%%
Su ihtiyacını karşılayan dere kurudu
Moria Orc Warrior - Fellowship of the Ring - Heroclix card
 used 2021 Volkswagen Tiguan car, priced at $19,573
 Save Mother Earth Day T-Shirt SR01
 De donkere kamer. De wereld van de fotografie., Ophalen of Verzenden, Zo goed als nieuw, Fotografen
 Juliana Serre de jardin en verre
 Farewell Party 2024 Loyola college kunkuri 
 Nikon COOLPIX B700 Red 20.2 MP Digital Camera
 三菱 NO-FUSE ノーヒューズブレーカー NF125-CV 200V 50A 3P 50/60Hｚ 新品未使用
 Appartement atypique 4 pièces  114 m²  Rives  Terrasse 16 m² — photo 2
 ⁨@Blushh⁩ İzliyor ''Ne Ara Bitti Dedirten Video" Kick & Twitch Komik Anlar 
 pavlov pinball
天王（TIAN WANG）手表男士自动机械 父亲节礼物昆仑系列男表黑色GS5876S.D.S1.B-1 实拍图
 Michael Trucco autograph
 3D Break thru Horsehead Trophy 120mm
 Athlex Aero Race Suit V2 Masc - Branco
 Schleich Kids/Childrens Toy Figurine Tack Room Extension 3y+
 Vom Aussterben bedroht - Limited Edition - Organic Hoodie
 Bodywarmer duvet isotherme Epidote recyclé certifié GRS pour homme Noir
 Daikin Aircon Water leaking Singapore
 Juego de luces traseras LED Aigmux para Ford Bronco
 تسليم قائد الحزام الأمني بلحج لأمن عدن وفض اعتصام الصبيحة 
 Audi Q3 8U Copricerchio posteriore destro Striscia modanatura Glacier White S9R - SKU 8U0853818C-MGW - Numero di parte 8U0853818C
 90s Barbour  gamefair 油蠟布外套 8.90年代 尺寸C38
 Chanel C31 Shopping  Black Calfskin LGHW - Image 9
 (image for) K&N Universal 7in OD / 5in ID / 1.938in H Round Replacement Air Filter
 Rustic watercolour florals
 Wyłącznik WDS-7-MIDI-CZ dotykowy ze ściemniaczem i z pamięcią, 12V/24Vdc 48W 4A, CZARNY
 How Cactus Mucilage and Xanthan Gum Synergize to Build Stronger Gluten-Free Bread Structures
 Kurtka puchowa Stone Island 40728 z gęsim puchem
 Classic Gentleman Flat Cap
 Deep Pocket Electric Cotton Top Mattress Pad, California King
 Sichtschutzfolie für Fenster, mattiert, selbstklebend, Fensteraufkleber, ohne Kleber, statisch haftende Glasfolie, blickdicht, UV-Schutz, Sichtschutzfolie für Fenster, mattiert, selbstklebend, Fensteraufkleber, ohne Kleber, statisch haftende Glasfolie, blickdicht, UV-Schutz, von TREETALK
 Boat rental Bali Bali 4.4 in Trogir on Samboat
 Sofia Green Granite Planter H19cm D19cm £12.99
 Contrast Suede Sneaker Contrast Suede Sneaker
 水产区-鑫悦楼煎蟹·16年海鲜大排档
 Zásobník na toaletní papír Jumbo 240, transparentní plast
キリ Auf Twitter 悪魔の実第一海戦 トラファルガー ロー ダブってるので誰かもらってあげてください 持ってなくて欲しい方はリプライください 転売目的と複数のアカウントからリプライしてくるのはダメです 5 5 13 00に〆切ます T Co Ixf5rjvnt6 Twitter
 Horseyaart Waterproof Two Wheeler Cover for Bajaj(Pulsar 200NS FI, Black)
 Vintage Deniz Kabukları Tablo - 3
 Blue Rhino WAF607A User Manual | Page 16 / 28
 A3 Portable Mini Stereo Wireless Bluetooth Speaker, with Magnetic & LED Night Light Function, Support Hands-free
%%
▶ **Your task**
Your answer must be the line holding "Zásobník na toaletní" and every later line of the entries above, written out exactly, and nothing else.

▶ **Response to the exercise**
 Zásobník na toaletní papír Jumbo 240, transparentní plast
キリ Auf Twitter 悪魔の実第一海戦 トラファルガー ロー ダブってるので誰かもらってあげてください 持ってなくて欲しい方はリプライください 転売目的と複数のアカウントからリプライしてくるのはダメです 5 5 13 00に〆切ます T Co Ixf5rjvnt6 Twitter
 Horseyaart Waterproof Two Wheeler Cover for Bajaj(Pulsar 200NS FI, Black)
 Vintage Deniz Kabukları Tablo - 3
 Blue Rhino WAF607A User Manual | Page 16 / 28
 A3 Portable Mini Stereo Wireless Bluetooth Speaker, with Magnetic & LED Night Light Function, Support Hands-free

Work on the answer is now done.